As one volunteer assignment led to another, Gillespie found himself moving through various committees, serving as Advisory Board Chair for Top of the Table in 2019 and Global Council Member of the Finance Division currently. These roles increased his exposure to more members of the organization from around the globe, which has given him an opportunity to hear new perspectives about the profession. “I don’t think anybody is a visionary; all you’re trying to do is figure out what’s changing in the world, and the only way you can do that is by talking to other people,” he said. “See what’s going on out there in other jurisdictions, other rules, what other people are doing.”
Gillespie’s curiosity leads him to seek differing opinions. “If you go to people you agree with, you’re not learning anything,” he said.
New concepts are carefully weighed — not carelessly implemented. Gillespie collects the ideas throughout the year and pulls them all out for consideration when he sits down in October to write his personal business plan for the following year. “Then I’m able to decide which advice makes sense within the framework of running a practice, rather than what I got excited about at the time,” he said.

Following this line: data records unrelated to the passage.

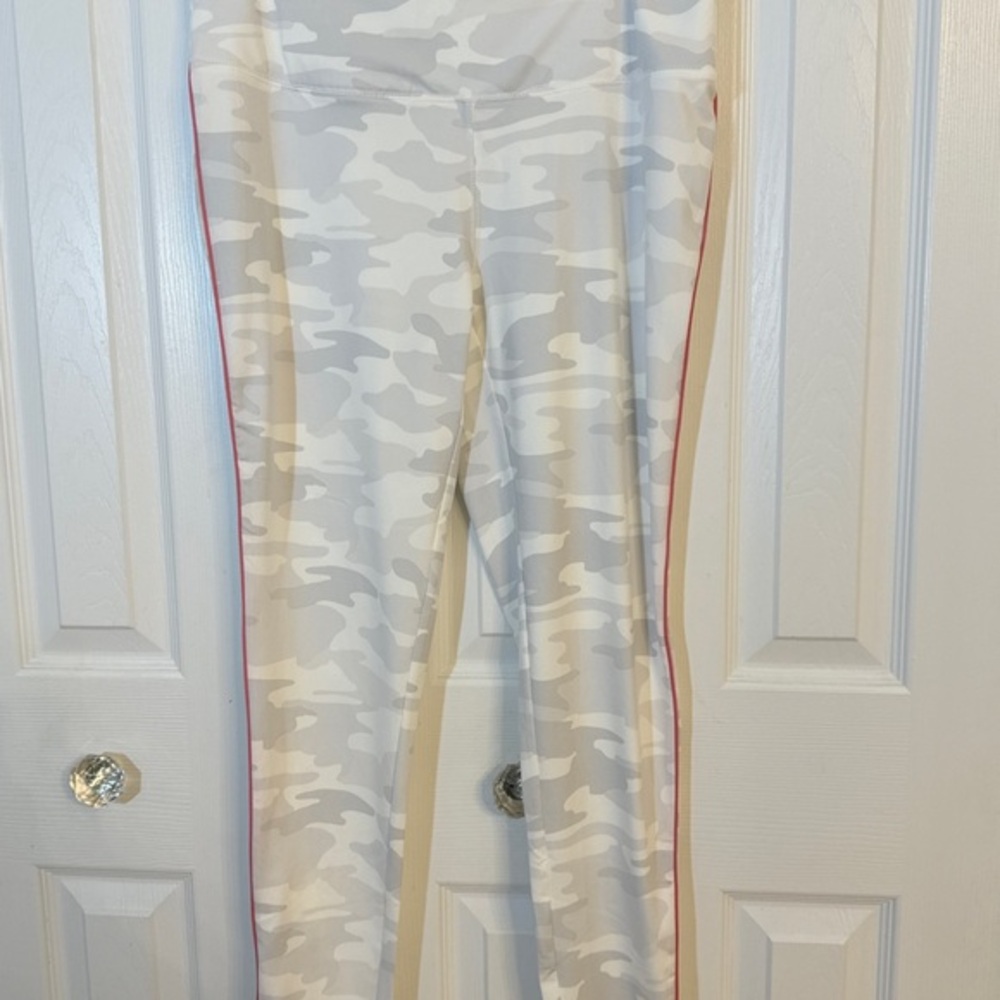 Belle by Kim Gravel Camo Leggings Sz Medium Pink Accent ABB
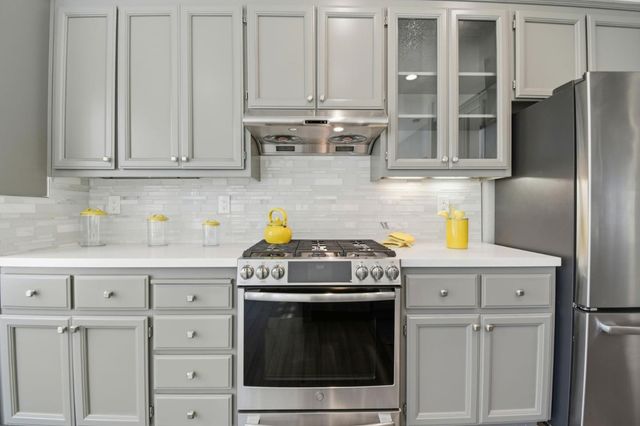 327 Ratto Road, Alameda, CA 94502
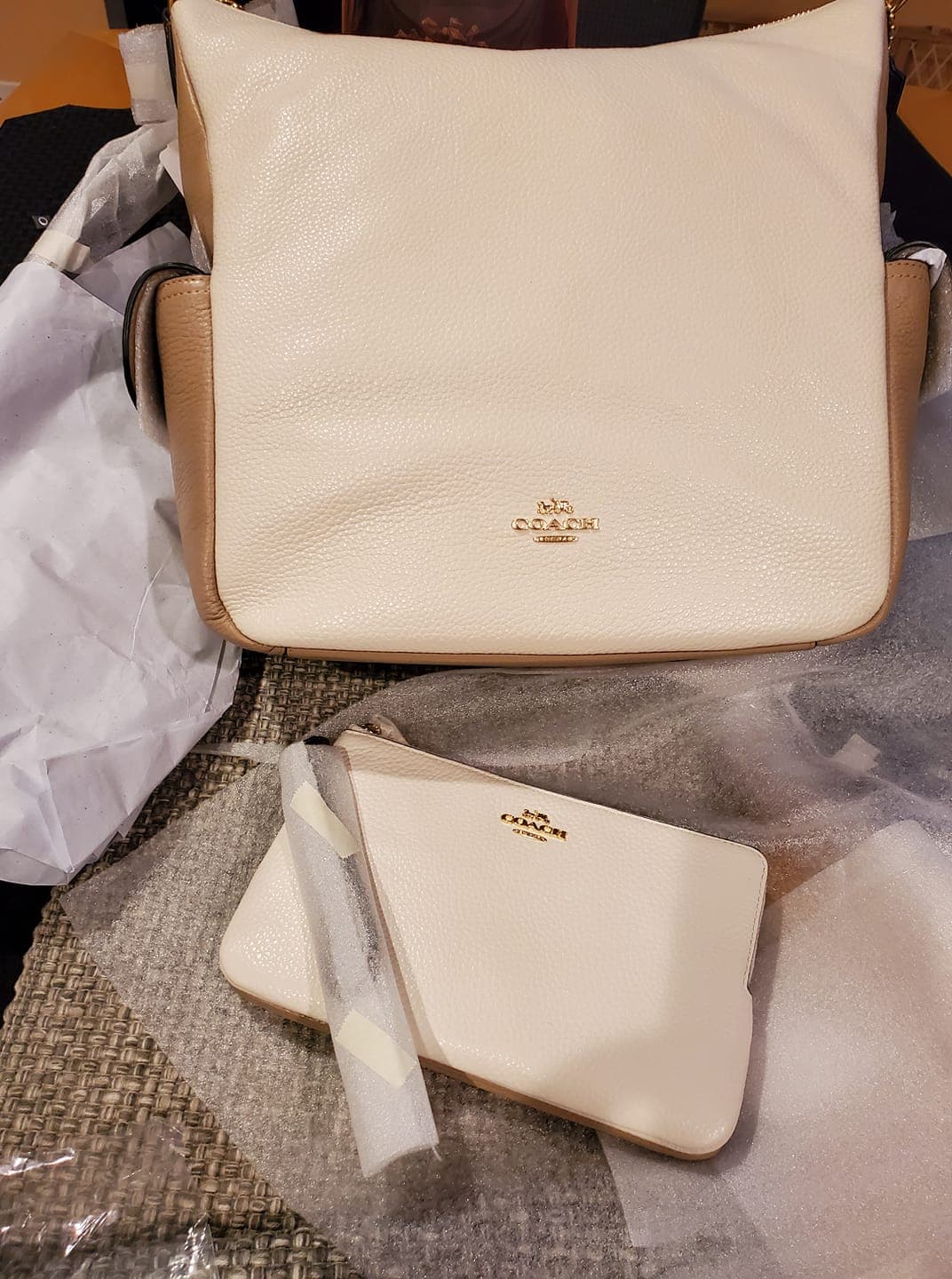 New arrivals!! ❤️❤️ Coach!! Get the bundle or buy it separat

Gillespie’s drive toward growth and change — balanced by a need to consider and implement only select new ideas — positions him well to guide MDRT. With different consumers in each geographical area and different technologies at play, he knows this profession doesn’t look the same everywhere — and that’s an advantage for MDRT. Gillespie believes that having the opportunity to hear different perspectives can only help the organization find the best way forward, and he sees his role as a member of the Executive Committee to be ready to provide his perspective alongside his peers. “I’m there to give a diverse opinion,” he said. “When the Executive Committee gathers to make decisions, we are each there to make sure there are no blind spots.”